Words matter, turncoat edition

Like any diplomat, I’m a big believer in the power of words and I occasionally write and speak on the importance of choosing the right ones.  I try not to be school ma’am-ish about it and it’s fun for me to seewords appropriated in different ways.  But sometimes word choice can be a little baffling.  Here’s one example that I see on days when I’m creeping along with the traffic home from Grosvenor Square.

It’s one of the historic plaques you see on buildings all over London. Now, if you’re British, you may not know who Benedict Arnold was – at least that’s what my informal survey of UK-born friends tells me.  If you’re American, however, you most certainly do.  Arnold lives forever in infamy as our most famous traitor. (He was an American Continental Army hero from the Battle of Saratoga and others, then later collaborated with the, ahem, enemy until an attempted sabotage effort was discovered.)

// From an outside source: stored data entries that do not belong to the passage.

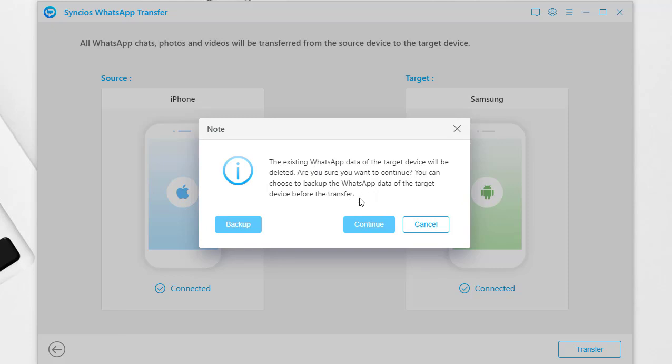If you need to backup the target Samsung phone, you can go to the main interface and choose Backup WhatsApp to create a WhatsApp backup right now.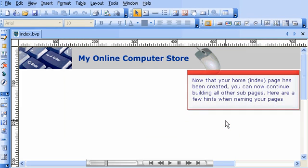Now that your home page has been created, you can now continue building all other sub-pages. Here are a few hints when naming your pages.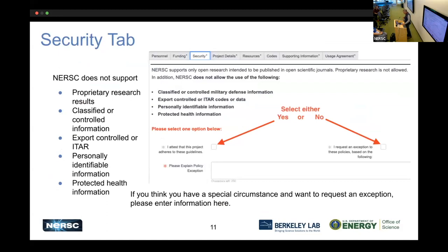The security tab covers things NERSC does not support: proprietary research results, classified information, export-controlled work, PII, or protected health information. You just have to agree to those conditions. If you're uncertain about export control, put an explanation and we'll try to help you track it down.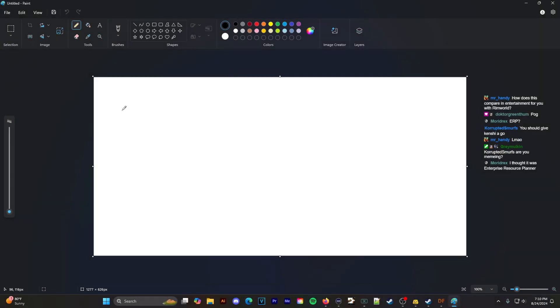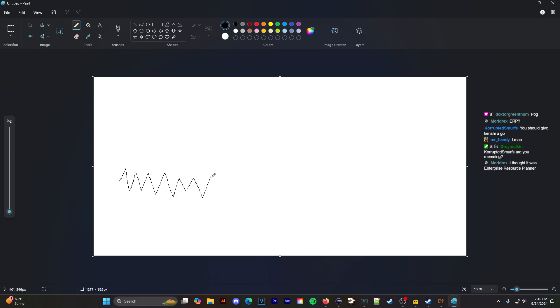I'm going to show you a graph of RimWorld entertainment. RimWorld entertainment peaks and valleys kind of look like this.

So to be honored as a loyalist to the revolutionary cause is stretching it somewhat to say the least.  I even got out of the car to take a closer look, just to make sure I wasn’t missing something.  But, sure enough there it was: American Patriot.  One British friend to whom I expressed my exasperation wryly pointed out that perhaps a comma had faded out over time so it originally read, “American, Patriot.” Clever, but careful inspection reveals no such missing punctuation.  And if it were merely a case of treachery being in the eye of the beholder, then surely it would have been “British Patriot.”

Examination of the flags at the bottom of the plaque offers a clue that the intent was perhaps more pointed.  They are the Union Jack and a standard of Colonial (i.e. British) America. Could it be a case of the bitters? Well after Arnold’s death, did his patrons still refuse to consider the United States a legitimate nation?

So I’m asking for your help.  Do you know the authors of the plaque and their motives?  Let us know here.  We’ll post the answer as an addendum and I will be forever grateful for the satisfaction of my curiosity.  We’ll even post any good theories – even if just for entertainment’s sake.

Whatever the case, this conundrum offers an interesting study in forgiveness and moving on.  While it may be that the creators of the plaque still had some bitterness – and, after all, a war had been fought – it is notable and fortunate that “Benedict Arnold, American Patriot” is today a curiosity and not a point of contention.  In fact, as I like to mention often, I think it’s important to the health of a living, breathing partnership between the UK and the U.S. that we don’t paper over the cracks in our common history.  The more authentically we regard it, the more we can both appreciate the unique nature of our special relationship.

On the other hand, American forgiveness for Benedict Arnold may take more time.  Encyclopedia Britannica explains that after switching allegiances in 1779, “his name became an epithet for traitor in the United States”.  Some 235 years on, it still is.